ただし結婚式の場合、どういった立場で参列するかによって選ぶべき着物の格が変わります。
●振袖
振袖は成人式の装いと考えがちですが、成人式に限らずさまざまなシーンで身に付けられる着物です。
基本的に振袖は、未婚の女性の第一礼装です。この振袖の袖丈は数種類あります。
袖の長さがくるぶしくらいまであり、袖丈が110cm前後の最も格式の高い振袖が大振袖、次に袖の長さがふくらはぎくらいの中振袖、
袖丈が76~86㎝の小振袖が主な3タイプです。
振袖は未婚の女性であれば、親族、友人いずれが身に付けても問題ありません。結婚式に参列する際にも問題なく着用できます。むしろ会場が華やかになり喜ばれる装いの一つと言えるでしょう。
また結婚式参列での振袖に悩まれた場合は、小振袖以外のものをおすすめさせていただいております。
●黒留袖
黒留袖は、既婚女性の着用する着物のなかでもっとも格の高い第一礼装の着物で、新郎新婦のお母様をはじめ、祖母、叔母など親族が身に付ける着物です。
黒地で、裾元に格式の高い柄が入っています。染め抜き日向紋が背中心、両後ろ袖、両胸の五か所につけられています。
黒留袖は主催者側が身に付ける装いのため、友人や会社の同僚など、ゲストが着用することはマナー違反です。
反対に新郎新婦の親族・親戚は、結婚式では主役と共にお客様をお迎えする立場であるため、もっとも格の高い着物を着用します。
●色留袖
色留袖とは、黒以外の色で地色を染めた留袖で黒留袖と同様に裾元に格式の高い柄が入っているものを指します。
色留袖は既婚・未婚関係なく着られる着物で、染め抜き五つ紋がついたものは、黒留袖と同格になります。
黒留袖と異なり、色の種類も豊富で華やかな印象のため、結婚式では未婚の親族が身に付ける着物として近年重宝されています。
主賓として招かれているゲストにもおすすめの着物です。
主賓の場合、三つ紋付きか一つ紋付きの色留袖にすれば格式としても申し分なく、主催者側にも失礼のない装いになります。
●訪問着
訪問着も既婚・未婚関係なく着られ、さまざまなシーンで活用できる準礼装の着物です。
結婚式の場合、友人や会社の同僚などゲストとして招かれている場合に身に付けます。
ただし、いずれの立場でもスピーチや余興等で壇上に上がる場合には、できれば一つ紋以上の訪問着を着用していた方がよりふさわしいでしょう。
主賓で訪問着を着用する場合も、紋付きが望まれます。
2. 結婚式で着物を着るポイント
結婚式に着物を着て出席する場合、花嫁の衣装と被る白、留袖と見間違えられるような黒っぽい色は避けるようにしましょう。

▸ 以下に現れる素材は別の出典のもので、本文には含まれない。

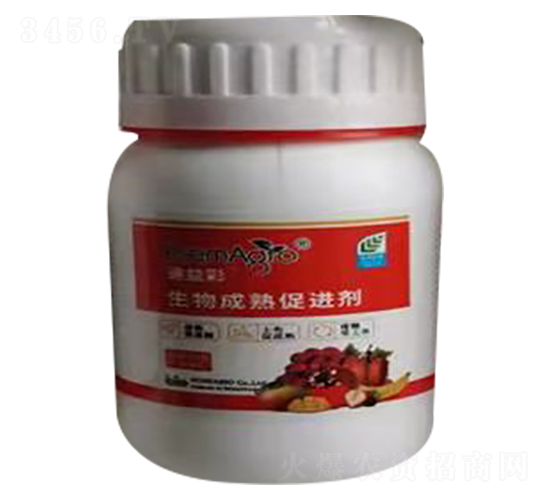 速益彩生物成熟促進(jìn)劑-佳格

これは着物に限ったことではありませんが、結婚式のゲストにとって最低限のマナーです。
淡いピンクや水色、薄紫、グレーなど、明るく品のある色味に、吉祥柄など古典柄が入ったものなどを選ぶとよいでしょう。
留袖を着る親族は、新郎新婦のお母様より華やかにならないよう、柄の数や色味を抑えた落ち着きのあるものが望ましい装いです。
3. 結婚式で着物にまつわるマナー
帯は袋帯で二重太鼓に結ぶのが、結婚式に晴れ着を着用するときのマナーです。半衿は白を選びましょう。
黒留袖や、親族として着る色留袖(正装)の場合、帯締めには白、もしくは白に金糸・銀糸が加えられたものを使用します。

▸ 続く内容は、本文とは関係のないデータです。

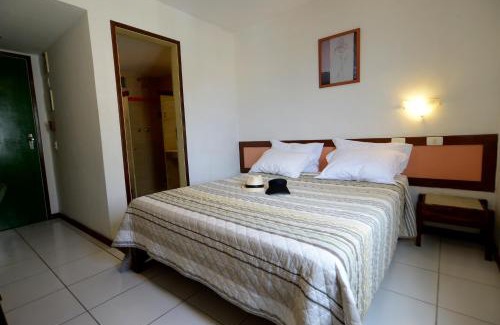 Rio Vermelho Hotel | Beachside Retreat at Rede Andrade Mar Hotel - Rio Vermelho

第一礼装として留袖を着用する場合、色物の帯締めは使えません。
招待客側で、かつカジュアルな結婚式であり、一つ紋の色留袖を訪問着風に着る場合も、あまり濃い色は選ばず、淡い上品な色合わせにするのがおすすめです。
帯留めはフォーマルなシーンでは付けなくてかまいませんが、付ける場合には宝石や蒔絵など高級感のあるものをつけましょう。
足袋は白が基本です。4枚こはぜの足袋ならぴったりとフィットし、フォーマルなシーンで恥ずかしくない装いになるでしょう。
草履や長襦袢は淡い色を選び、品良くまとめるのもマナーです。